Because it seems a single Yankees-Red Sox game can't go by without some sort of controversy at least part of all the broadcasts of yesterday's game was devoted to the brown substance that was on Michael Pineda's wrist. Initially thought to be delicious maple syrup left over from Pineda's hearty brunch, it was surmised to be pine tar (although Pineda has denied this). It's not unusual for pitchers to try to add to their grip on the baseball with what is technically considered an illegal substance, but the rule is only lightly enforced as long as the ball isn't coated with the stuff. But pine tar is only one of many foreign substances and doctoring techniques that pitchers have used throughout history to give themselves that extra edge. And as Pinstripe Alley's resident Grand Maester, I was able to compile a list of them for you.

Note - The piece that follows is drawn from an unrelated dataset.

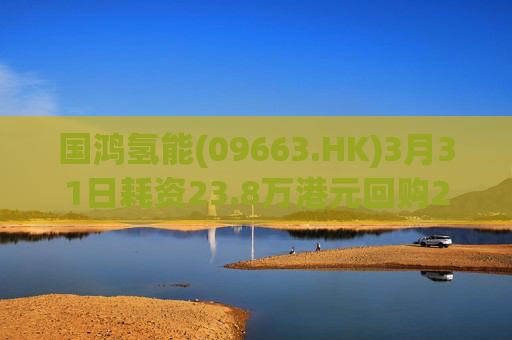国鸿氢能(09663.HK)3月31日耗资23.8万港元回购2.65万股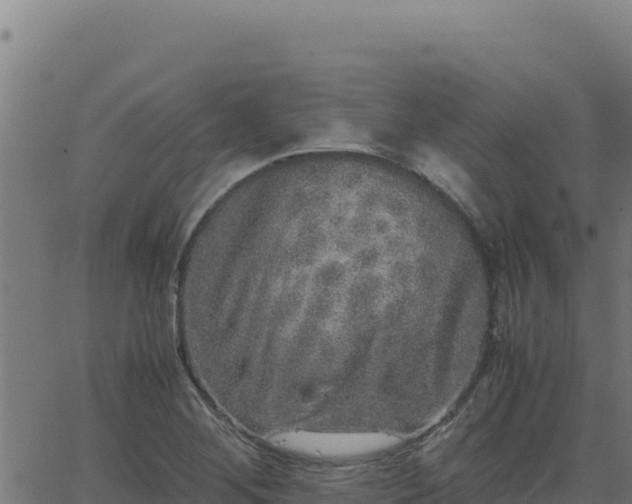 X0000062851268200601201654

Gobs of spit: Gaylord Perry so famously doctored his pitches that he titled his autobiography after the spitter. Legend has it that Perry had his own personal camel drench his hands with saliva before taking the mound each inning. Upon being found out, Perry simply started putting the entire ball in his mouth.
Dynamite: Likely influenced by the golden age of Looney Tunes, pitchers in the 1930's would place a stick of dynamite in the baseball before throwing them. Opposing batters responded by dropping grand pianos on the pitchers that resorted to this tactic. Many careers were tragically cut short.
Steroids: While in Toronto, Roger Clemens administered the steroid known as"the clear" to the baseballs he used in a misguided effort to assist with his pitching. Only upon noticing that they stayed the same size and had no increased stamina he realized it was meant to be used on the player themselves.
Grease: With the proliferation of absurdly unhealthy ballpark food such as bacon-wrapped corn dogs and burgers between grilled cheese or donuts, pitchers in the modern era need to only shake the hands of fans before the game to have enough grease on their hands to throw a slick, disgusting baseball. Hand acne has become quite a problem.
Tools: Back in the days when players held more than one job, pitchers would take the tools of their trade out to the mound and scuff up the ball. Cobblers, riveters, farriers, you name it. It was only when the carpenters started sawing the ball in half that the league stepped in.
See, it's as traditional for players to mess with the baseball as it is to eat crackerjack and pretend it's not terrible. Just as Michael Pineda had a brown substance on his hand, Clay Buchholz was rubbing his hands through his hair and getting filth and insects all over the ball. But I'm sure this is the last we'll ever have to hear about any of this. Right.